【重报艺文志·口述】江碧波:我的艺术归属,是要回到自然中去

新重庆-重庆日报 赵欣

2024-06-26 12:20

初夏,六月间,重庆巴南狮子山,松涛阵阵,绿意盎然。

驱车沿山路前行,弯弯拐拐,路的尽头,出现一座森然的庄园——碧波艺苑。

驶入园门,小路继续向前伸展。路的两旁,树草繁茂,鸟啼蝉鸣从枝头传来,一座座造型各异的雕塑藏身林间,煞是好看。笔者正忙着左顾右盼,此行的目的地——江碧波艺术博物馆,已在眼前。

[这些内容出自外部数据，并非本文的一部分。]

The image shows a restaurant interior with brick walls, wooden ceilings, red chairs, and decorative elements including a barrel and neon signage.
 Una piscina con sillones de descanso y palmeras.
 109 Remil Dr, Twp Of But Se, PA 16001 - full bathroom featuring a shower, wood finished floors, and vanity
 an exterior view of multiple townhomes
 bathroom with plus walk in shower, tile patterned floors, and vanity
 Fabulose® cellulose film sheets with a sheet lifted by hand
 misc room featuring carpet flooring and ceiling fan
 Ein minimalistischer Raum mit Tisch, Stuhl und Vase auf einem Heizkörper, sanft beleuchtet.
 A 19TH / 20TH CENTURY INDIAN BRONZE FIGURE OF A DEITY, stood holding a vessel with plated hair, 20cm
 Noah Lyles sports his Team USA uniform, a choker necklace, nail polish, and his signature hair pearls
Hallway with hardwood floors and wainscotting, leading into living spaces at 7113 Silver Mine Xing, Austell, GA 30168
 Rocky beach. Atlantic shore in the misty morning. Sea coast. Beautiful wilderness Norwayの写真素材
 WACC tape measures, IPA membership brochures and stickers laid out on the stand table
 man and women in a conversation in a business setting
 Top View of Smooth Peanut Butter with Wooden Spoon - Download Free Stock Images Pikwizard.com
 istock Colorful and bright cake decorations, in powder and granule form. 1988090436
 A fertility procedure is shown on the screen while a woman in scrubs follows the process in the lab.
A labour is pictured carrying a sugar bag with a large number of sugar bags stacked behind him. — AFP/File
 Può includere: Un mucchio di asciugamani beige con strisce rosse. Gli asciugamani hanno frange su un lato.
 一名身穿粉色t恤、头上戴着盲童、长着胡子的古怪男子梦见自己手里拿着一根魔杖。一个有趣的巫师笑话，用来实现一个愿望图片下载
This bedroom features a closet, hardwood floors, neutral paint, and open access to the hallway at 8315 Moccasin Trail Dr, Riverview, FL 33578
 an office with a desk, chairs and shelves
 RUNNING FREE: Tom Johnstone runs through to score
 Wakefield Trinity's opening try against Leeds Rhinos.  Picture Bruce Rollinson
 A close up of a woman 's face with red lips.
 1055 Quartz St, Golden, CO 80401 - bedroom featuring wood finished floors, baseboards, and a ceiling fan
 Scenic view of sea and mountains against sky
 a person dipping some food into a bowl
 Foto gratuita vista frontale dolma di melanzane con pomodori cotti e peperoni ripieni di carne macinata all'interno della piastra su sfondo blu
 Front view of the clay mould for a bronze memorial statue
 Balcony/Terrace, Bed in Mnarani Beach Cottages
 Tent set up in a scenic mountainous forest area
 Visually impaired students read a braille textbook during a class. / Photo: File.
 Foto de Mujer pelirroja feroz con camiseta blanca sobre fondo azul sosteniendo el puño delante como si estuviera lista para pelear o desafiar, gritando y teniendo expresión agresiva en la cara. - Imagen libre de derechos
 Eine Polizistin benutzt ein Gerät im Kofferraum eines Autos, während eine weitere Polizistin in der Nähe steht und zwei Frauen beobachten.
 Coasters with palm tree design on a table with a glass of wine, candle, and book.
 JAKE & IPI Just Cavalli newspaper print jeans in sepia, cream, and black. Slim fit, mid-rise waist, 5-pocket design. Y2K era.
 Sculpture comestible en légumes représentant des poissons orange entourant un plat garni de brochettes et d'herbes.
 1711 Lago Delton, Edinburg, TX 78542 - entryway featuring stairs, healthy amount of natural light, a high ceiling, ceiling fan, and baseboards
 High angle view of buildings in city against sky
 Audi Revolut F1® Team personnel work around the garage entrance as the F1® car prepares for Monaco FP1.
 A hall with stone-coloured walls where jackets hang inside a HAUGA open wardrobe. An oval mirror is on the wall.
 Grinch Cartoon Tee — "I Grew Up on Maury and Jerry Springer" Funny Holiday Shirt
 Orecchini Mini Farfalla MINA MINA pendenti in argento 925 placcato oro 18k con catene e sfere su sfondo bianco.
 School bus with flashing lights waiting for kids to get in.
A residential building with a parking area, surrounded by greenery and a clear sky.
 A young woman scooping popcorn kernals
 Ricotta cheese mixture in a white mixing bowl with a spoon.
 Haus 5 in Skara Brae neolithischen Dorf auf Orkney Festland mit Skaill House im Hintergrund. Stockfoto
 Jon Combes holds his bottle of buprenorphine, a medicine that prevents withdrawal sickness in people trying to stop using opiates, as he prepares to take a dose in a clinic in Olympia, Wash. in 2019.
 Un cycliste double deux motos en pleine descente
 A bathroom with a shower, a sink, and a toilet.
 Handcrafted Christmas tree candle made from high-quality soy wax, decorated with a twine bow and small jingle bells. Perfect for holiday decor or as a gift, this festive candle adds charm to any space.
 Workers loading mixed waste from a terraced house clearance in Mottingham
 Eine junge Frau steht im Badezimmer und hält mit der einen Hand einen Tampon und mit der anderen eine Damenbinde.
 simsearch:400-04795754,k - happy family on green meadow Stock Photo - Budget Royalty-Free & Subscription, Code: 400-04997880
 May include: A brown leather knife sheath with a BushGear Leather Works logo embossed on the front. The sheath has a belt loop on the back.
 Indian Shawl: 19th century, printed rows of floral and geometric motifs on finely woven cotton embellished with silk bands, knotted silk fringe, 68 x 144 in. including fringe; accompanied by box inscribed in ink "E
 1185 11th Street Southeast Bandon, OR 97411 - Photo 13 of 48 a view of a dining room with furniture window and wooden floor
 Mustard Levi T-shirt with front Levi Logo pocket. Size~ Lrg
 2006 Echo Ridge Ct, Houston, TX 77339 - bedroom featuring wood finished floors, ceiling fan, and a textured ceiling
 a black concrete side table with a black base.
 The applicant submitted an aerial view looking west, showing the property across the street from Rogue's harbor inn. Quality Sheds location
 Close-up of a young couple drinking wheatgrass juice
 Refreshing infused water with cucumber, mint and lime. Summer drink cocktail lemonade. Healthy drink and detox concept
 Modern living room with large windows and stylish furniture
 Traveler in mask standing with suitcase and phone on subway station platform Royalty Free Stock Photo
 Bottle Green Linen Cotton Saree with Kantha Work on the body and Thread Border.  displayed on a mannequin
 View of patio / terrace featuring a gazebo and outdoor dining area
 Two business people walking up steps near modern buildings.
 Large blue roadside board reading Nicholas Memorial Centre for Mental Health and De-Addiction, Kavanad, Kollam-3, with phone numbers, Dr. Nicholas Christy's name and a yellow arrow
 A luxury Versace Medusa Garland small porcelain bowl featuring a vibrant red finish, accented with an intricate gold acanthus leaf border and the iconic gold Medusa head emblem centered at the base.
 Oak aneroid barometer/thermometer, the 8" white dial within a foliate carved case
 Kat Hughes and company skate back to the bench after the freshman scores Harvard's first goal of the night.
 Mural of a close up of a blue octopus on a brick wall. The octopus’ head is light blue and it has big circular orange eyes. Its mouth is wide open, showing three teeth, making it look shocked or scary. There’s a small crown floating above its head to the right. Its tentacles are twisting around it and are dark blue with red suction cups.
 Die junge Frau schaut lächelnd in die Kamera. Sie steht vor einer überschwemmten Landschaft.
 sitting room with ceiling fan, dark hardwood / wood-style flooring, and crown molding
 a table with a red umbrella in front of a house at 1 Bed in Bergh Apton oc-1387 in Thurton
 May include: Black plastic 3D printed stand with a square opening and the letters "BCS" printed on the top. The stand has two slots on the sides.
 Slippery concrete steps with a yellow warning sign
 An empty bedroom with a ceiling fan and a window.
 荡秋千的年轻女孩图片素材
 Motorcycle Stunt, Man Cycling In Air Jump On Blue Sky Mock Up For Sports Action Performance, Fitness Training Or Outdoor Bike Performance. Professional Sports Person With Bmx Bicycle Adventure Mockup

当月初,江碧波艺术博物馆刚刚开馆。如同深山里的艺术桃花源,馆舍所在之处,被青山绿水环抱,映衬着高远的蓝天,偶有飞鸟掠过。此间距离繁华都市不近不远,但喧嚣与聒噪早已隐入尘烟,消失不见。闭上双眼,稍稍站定,原本因酷暑而燥热的心,很快就平静了下来。

▲巴南区江碧波艺术博物馆,“《时代镜像》——江碧波艺术博物馆开馆暨江敉、江碧波作品展” ,观众正在馆内参观。记者 齐岚森 摄

博物馆里,正在进行着“《时代镜像》——江碧波艺术博物馆开馆暨江敉、江碧波作品展” 。200余件精选作品以及大量文献,以编年体的形式分布于“金石有声”“氤氲东方”“空有之间”“晓色常从天上来”四个单元,勾勒出江敉、江碧波父女两代艺术家同辉的画卷。

开馆那日,重庆各界名流纷纷赶来,齐聚于此,共贺盛事。女主人江碧波春风满面,兴致盎然。

这是一位优雅而睿智的老艺术家,发髻纹丝不乱,长裙色彩斑斓,思维敏捷,气质不凡。若是不熟悉她的人,一定很难相信,在她的身上已经流过了85年的时光漫漫。

“我虽已80多岁,但依然期待着与不同年纪的朋友共享今日的聚会、明天的美好。人要怀抱梦想活着,这是天性使然。我的梦想就是在有生之年继续画下去,生命不息,创作不止。”

正因如此,江碧波选择了这个“山远地自偏”的所在建起碧波艺苑,把艺术和自己,都安顿在了巴渝山水间。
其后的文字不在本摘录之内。